**Exercise brief**
Everything from the line containing "China Perforierter 6mm" through the last line of the entries needs to be repeated exactly. Pictures must be left out.

**Supplied data**
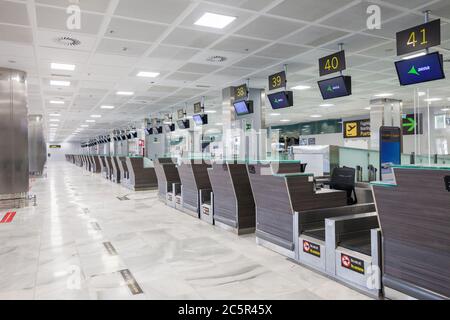 Leere, ungenutzte Check-in-Schalter, Gepäckabgabeschürtel am Flughafen Teneriffa Süd, Abflugbereich, aufgrund von Reisebeschränkungen für den Ausbruch des Coronavirus Covid-19. Stockfoto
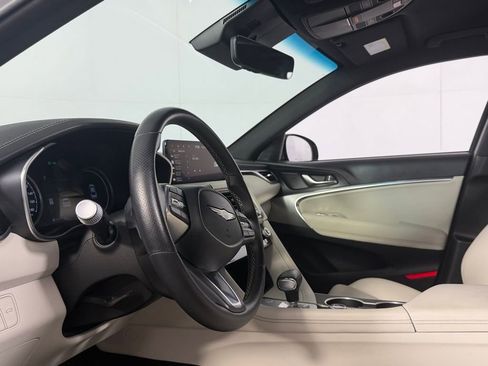 Used 2025 Genesis G70 2.5T image 21
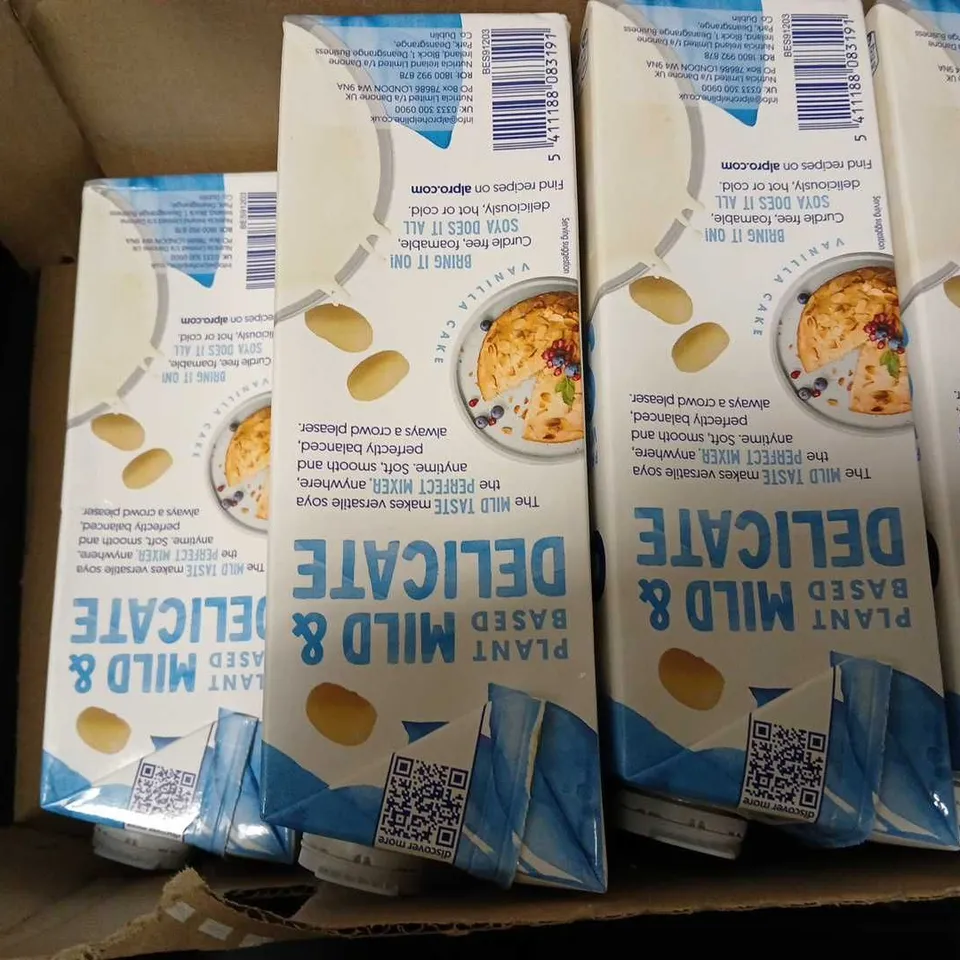 TOTE OF 8 ALPRO PROTEIN SOYA MILK 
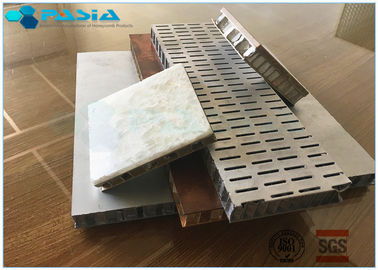 China Perforierter 6mm Seitenlängen-Aluminiumbienenwaben-materieller Kern-statischer zusammengesetzter Antiboden fournisseur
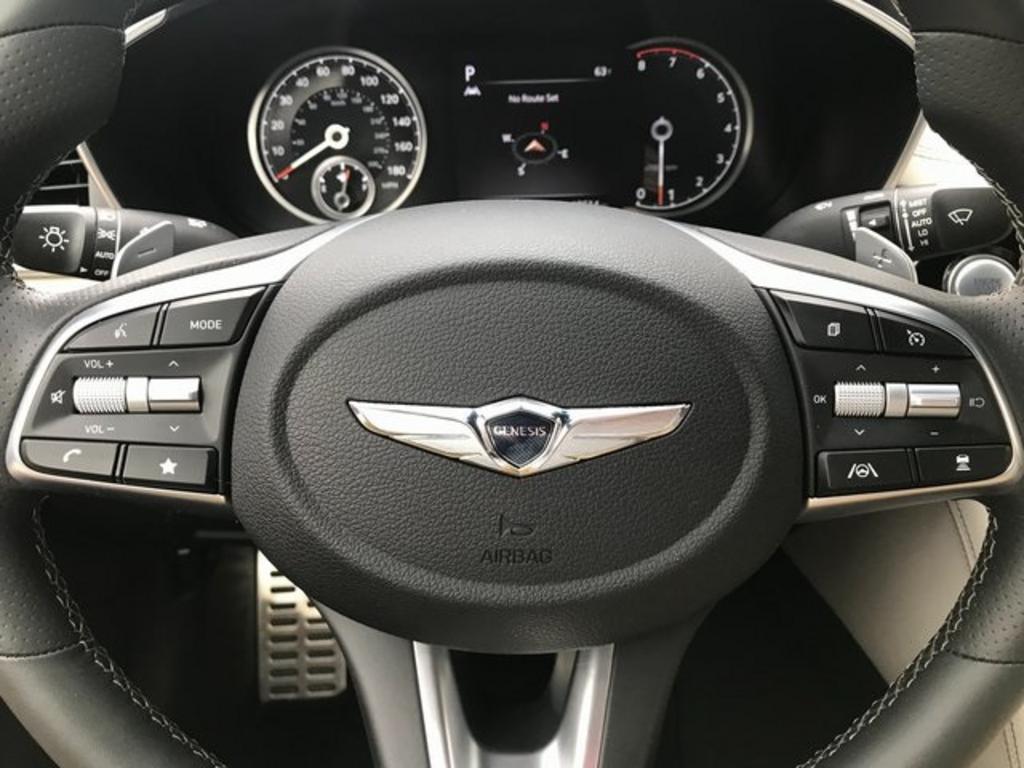 2023 Genesis G70 - $48,500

**Answer**
 China Perforierter 6mm Seitenlängen-Aluminiumbienenwaben-materieller Kern-statischer zusammengesetzter Antiboden fournisseur
 2023 Genesis G70 - $48,500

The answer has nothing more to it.